Meanwhile France was entering into the war on the side of America, and La Fayette had been appointed main liaison officer between French and American Forces. After having had some difficulty to cope with La Fayette’s embarrassing spontaneous attitudes, George Washington learned finally to adapt and to listen with great consideration to the advice and sincere efforts of his young French Friend. As a good example one may refer to Washington’s decision to get La Fayette intervene expediently at Rhode Island to help the endangered float of Count Charles Henri d’Estaing. The French Admiral was supposed to get control of Newport but his fleet had been severely damaged after a storm. Having chosen to head to Boston to look for a safe haven it had been attacked in the Bay of Boston by British ships and had to deplore heavy lost. American generals in New England were therefore mocking Estaing. On the other hand Washington was not quite ready to accept this humiliation, and knowing best La Fayette’s notorious wish for publicity, wrote him in a letter: “America has high esteem for your virtues and for services you rendered already. We admire the principles which guide you. Your fellow French soldiers in our Army are respecting you as their chief ...and me, as your Friend, I have no doubt that you will put all your efforts to restore harmony in order to save honor, glory and to take care that the mutual interest of both nations should be promoted and confirmed the most definitive way.” Every one may appreciate the whole subtlety of this sentence.

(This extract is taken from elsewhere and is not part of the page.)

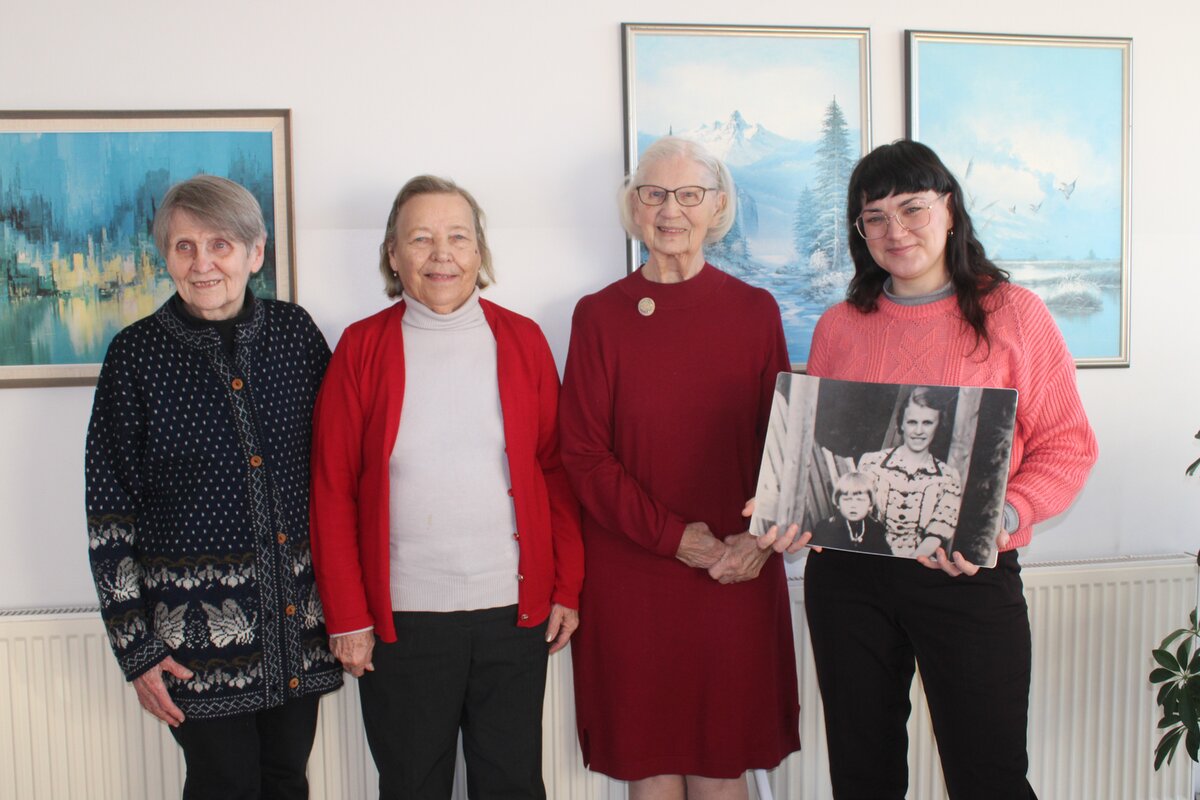 Päivi Eskola (vas.), Raili Atosuo, Maija Niemi ja Alisa Salonen toteavat, että valokuvien herättämät tarinat osoittavat, että koettuna on paljon hyvää elämää. Heistä on kiva tuoda ne teatterinlavalle.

At the same time Washington would never accept that the interest of America should be neither questioned nor endangered by projects or some ambitious ideas developed by La Fayette. He was then frequently invited to moderate himself. Nevertheless the true Friendship of Washington for La Fayette was repeatedly expressed in letters I had the privilege to read at Anderson House. One good example and testimony of that was to be found in a correspondence of Washington to Benjamin Franklin as the young French Friend was about to take some vacation in France from 1779 to 1780: Washington declared there his “ very particular Friendship” for La Fayette, and recommended to confer to him every possible help he could need.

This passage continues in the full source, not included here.